Arizona's illegal immigration law took effect Thursday without the provisions that would have made it the toughest in the nation. Yet the law was still prompted protests.
Opponents of the law took to the streets to protest and were met by a line of police in riot gear. Most of the demonstrations were peaceful with only a handful of arrests.
Judge Sarah Bolton's ruling to block the most controversial aspects of the law prompted celebrations in some parts of Arizona and at the U.S. Embassy in Mexico City.
"We are all happy and proud," one opponent said.
"Yesterday, I went to bed really depressed," undocumented worker Erica Andiola added. "But this morning everything came back. The hope, the faith [and] knowing that those prayers are really working."
But for the nearly 60 percent majority of Americans who support the law, there was dismay.
"When does it stop?" a supporter of the law asked. "When is enough enough?"
Judge Bolton put a hold on the strongest sections of the law that would have required immigrants to carry their legal papers and mandated police to check for illegal immigrants while enforcing other laws.
Phoenix Sheriff Joe Arpaio said that won't stop him from searching for those in his state illegally.
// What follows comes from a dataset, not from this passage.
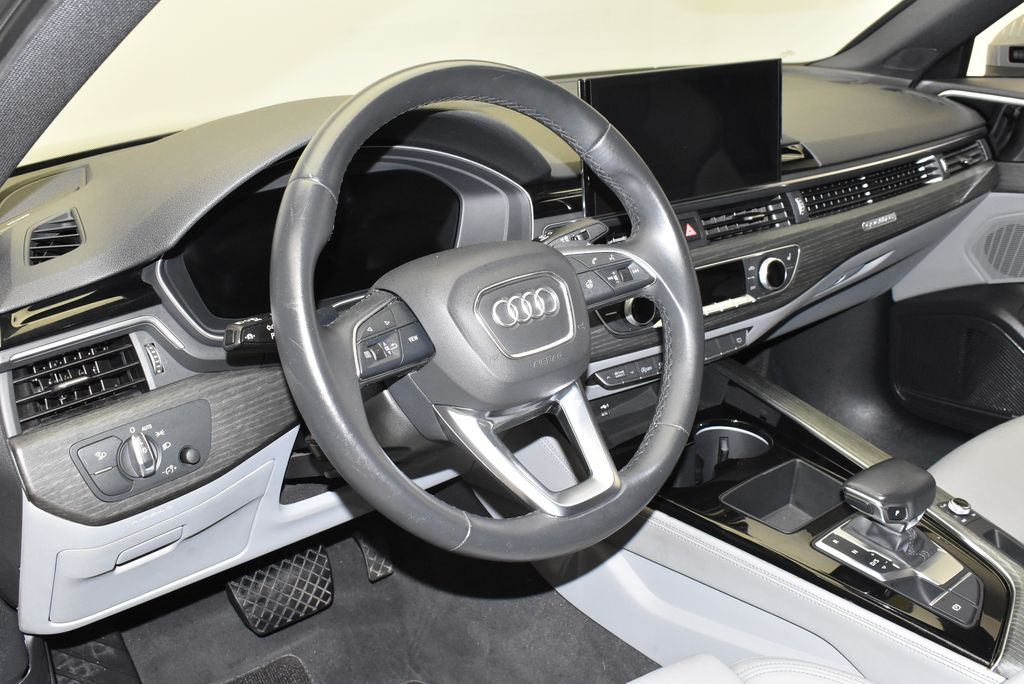 Thumbnail: 2023 Audi A4 - 17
"Any police officer that arrests anyone on a criminal violation, all that cop has to do is book them into our jail and we are going to determine if they are here illegally," he said. "And that's anybody. And we will put a hold on them."
Arizona Gov. Jan Brewer is appealing the decision to water down the law, which came after the Obama administration decided to sue Arizona in federal court.
"They need to step up. The feds do," Brewer said. "And do the job that they have the responsibility to do."
The ruling also halted enforcement of the section that bans illegal immigrants from gathering in public places to look for work -- a sensitive issue in a state with 10 percent unemployment.
"They definitely take our jobs. They take our resources," said Arizona resident Tracy George.
"They come into our country, they accept $2 an hour or sometimes even less," resident Agnes Wargo added. "So that takes away the opportunity for an American to have that job."
Some illegal immigrants had already started to leave Arizona in advance of the new law. It's unclear whether the latest ruling will stop the exodus.
But one thing is certain -- the fight over the law has just begun.
"By no means is this battle over," said University of California-Irvine professor Irwin Chemerinsky. "The next step will be review in the United States Court of Appeals and then ultimately -- likely -- on to the Supreme Court."